Я даю ей немного времени - часов здесь нет, поэтому у меня нет возможности измерить ход времени, если исключить рассвет и закат, а потом решаю сломать лед.
— Рания, — говорю я. Она игнорирует. — Рания, пожалуйста, послушай меня. — Английский.
Ее плечи вздрагивают, когда произношу ее имя, но это единственный отзыв, который я получил. Тогда мне придется требовать её внимания. Совсем недавно я научился говорить «мне жаль». Потребовалось много жестов, но, думаю, клонила она к этому.
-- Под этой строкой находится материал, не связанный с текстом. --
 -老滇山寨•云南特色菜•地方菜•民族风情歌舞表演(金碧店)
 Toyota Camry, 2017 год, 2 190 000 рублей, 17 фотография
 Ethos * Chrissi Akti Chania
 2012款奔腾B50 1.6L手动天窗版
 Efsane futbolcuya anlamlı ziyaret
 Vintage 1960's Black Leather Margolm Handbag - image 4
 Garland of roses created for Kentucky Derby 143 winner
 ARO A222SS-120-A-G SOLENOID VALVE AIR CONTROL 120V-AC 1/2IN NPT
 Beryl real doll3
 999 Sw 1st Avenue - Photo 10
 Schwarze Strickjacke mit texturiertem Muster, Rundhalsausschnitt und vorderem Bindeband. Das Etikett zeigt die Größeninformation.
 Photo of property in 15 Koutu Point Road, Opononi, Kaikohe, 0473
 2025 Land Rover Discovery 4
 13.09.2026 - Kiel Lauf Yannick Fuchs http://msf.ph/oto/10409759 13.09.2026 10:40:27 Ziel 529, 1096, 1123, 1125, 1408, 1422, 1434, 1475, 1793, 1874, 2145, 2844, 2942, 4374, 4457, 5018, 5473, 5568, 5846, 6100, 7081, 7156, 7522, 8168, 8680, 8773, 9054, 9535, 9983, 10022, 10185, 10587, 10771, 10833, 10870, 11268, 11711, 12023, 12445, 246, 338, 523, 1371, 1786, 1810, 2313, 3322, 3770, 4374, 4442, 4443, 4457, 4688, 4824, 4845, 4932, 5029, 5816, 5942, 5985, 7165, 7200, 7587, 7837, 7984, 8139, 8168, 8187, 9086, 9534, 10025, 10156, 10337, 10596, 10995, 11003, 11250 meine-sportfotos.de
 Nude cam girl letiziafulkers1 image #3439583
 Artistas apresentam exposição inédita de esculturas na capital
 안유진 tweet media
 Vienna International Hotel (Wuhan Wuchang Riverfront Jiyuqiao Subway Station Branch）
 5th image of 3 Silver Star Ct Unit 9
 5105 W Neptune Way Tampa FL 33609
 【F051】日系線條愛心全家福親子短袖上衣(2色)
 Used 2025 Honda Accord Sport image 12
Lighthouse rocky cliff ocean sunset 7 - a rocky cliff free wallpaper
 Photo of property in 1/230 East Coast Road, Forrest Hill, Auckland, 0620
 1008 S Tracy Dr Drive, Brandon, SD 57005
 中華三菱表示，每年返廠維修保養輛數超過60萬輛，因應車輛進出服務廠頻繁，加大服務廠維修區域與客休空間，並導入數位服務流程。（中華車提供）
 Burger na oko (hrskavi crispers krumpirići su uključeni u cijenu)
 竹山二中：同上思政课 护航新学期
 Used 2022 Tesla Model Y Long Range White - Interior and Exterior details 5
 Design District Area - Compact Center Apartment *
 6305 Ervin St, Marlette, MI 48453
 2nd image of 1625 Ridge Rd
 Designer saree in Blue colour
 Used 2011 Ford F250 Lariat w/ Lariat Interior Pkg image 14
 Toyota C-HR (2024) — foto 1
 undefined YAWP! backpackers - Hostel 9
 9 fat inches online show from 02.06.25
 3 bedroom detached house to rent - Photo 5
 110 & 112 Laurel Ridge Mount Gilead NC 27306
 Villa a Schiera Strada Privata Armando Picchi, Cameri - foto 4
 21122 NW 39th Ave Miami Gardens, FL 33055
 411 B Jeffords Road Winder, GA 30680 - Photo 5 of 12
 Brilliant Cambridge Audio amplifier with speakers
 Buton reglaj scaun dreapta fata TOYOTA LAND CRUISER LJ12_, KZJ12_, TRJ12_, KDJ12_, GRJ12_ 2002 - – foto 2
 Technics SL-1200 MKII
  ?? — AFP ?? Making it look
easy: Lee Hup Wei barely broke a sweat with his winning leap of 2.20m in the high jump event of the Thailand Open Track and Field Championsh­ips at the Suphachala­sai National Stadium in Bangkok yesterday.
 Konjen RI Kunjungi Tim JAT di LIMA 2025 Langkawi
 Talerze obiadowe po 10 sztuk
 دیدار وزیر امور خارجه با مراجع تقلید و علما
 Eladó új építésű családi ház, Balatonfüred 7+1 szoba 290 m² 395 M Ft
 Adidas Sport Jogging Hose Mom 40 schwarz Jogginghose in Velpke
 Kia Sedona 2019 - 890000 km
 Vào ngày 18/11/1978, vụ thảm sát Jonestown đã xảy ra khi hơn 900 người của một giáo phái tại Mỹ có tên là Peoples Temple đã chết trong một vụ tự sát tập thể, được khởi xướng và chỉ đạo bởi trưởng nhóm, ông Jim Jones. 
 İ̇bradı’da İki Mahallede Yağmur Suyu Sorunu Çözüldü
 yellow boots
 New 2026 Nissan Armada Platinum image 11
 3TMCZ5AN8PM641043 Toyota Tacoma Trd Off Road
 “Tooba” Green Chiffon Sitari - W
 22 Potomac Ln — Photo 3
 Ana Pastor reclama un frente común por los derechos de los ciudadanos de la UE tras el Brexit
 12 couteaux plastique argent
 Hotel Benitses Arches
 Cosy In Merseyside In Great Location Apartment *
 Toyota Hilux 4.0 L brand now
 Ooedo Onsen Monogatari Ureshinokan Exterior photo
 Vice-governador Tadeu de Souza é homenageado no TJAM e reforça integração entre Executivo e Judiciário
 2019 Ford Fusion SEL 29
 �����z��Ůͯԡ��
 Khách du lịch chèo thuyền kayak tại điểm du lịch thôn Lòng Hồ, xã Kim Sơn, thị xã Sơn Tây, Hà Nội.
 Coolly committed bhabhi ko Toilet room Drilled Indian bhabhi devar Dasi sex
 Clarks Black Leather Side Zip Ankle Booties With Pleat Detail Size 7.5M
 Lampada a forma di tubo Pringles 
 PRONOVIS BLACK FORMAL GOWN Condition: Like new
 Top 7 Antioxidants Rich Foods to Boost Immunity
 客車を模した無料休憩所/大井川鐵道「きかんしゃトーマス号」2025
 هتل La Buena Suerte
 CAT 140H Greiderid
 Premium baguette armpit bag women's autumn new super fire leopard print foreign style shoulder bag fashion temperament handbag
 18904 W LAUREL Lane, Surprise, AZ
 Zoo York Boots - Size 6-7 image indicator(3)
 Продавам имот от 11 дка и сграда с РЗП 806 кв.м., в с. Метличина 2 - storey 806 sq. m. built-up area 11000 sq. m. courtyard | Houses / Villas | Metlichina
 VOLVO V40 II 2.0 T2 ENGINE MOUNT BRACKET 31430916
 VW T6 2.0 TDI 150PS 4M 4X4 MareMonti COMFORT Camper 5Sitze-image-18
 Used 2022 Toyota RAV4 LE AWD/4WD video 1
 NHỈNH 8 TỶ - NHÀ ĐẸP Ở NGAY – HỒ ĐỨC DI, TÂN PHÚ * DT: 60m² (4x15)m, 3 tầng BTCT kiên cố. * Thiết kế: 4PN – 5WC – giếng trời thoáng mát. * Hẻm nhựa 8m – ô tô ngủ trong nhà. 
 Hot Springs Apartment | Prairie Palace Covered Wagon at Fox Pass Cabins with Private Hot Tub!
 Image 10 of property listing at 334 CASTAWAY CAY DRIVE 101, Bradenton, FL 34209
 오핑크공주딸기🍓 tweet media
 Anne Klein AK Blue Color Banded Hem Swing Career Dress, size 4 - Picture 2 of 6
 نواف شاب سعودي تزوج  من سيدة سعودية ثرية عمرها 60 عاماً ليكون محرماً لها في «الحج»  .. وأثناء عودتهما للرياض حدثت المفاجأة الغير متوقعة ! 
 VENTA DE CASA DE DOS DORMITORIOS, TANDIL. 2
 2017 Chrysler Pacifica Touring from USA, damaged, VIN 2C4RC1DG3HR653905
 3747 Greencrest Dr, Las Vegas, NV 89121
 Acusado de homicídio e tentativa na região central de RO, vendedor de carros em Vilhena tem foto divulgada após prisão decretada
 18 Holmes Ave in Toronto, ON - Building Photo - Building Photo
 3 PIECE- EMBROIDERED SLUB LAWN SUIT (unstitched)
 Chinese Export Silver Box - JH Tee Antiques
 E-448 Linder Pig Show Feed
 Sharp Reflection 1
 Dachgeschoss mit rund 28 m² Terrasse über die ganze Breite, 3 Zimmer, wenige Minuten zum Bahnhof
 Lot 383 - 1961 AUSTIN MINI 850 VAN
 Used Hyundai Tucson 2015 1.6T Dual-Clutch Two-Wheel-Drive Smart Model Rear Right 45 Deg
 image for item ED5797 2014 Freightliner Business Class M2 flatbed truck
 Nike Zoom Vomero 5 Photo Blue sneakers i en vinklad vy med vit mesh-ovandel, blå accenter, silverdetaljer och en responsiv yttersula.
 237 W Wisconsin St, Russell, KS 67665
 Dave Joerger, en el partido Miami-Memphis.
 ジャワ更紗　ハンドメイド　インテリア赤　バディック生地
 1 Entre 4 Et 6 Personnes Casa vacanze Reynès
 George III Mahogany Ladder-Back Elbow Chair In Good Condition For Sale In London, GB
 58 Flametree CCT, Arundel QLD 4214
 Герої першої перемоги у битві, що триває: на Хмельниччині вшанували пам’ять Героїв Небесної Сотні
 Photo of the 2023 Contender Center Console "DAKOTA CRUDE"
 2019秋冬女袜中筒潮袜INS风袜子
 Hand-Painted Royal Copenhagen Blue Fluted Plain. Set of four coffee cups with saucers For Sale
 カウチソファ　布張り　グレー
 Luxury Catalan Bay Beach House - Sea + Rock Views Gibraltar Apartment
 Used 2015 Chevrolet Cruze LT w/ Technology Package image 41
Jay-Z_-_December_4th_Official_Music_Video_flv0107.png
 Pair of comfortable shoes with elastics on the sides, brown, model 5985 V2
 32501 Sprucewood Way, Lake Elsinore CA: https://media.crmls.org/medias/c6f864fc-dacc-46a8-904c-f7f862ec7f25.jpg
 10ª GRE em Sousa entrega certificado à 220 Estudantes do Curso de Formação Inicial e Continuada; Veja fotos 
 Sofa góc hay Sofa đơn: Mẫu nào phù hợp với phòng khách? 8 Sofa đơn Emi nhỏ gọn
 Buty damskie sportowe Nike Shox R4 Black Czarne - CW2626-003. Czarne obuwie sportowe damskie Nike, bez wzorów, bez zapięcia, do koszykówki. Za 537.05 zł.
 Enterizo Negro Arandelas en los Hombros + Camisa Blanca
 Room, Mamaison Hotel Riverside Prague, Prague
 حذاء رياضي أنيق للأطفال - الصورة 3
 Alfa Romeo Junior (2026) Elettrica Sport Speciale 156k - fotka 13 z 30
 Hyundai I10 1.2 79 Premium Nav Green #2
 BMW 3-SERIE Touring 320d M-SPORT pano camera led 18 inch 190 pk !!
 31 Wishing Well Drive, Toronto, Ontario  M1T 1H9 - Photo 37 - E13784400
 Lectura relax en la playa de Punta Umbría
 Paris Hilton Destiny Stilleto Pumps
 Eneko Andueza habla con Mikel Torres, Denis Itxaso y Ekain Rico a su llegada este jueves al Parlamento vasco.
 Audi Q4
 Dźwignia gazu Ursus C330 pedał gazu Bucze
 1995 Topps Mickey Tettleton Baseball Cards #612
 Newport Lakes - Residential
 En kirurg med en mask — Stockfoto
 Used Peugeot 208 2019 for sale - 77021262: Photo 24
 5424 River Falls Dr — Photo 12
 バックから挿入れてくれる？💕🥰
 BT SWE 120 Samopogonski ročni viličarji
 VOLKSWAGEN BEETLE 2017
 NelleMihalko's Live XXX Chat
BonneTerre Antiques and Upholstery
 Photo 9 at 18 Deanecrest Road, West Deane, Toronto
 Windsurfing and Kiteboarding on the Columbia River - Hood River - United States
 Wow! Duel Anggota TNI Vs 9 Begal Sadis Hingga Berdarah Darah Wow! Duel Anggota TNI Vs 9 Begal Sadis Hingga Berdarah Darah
Я приподнимаюсь в сидячее положение. Сломанные ребра ноют, посылая вспышки агонии - настолько ослепляющие, что мне приходится остановиться и отдышаться, чтобы сохранить дыхание в легких. Плечи тоже болят, но тупой, постоянной болью, не похожей на острые шипы, пронзающие меня при движении грудной клетки. Жду, пока желудок не перестанет возмущаться от боли, а потом поднимаюсь на здоровое колено. Задыхаюсь еще больше, дышу тяжелее, боль кажется яркими, как солнце копьями. В конце концов, я встаю на ноги, или, вернее, на одну ногу, и, подпрыгивая, ковыляю через всю комнату в сторону Рании. Поддержки у меня нет, потому что она, скрестив ноги, сидит на полу подальше от стен и ничего не делает.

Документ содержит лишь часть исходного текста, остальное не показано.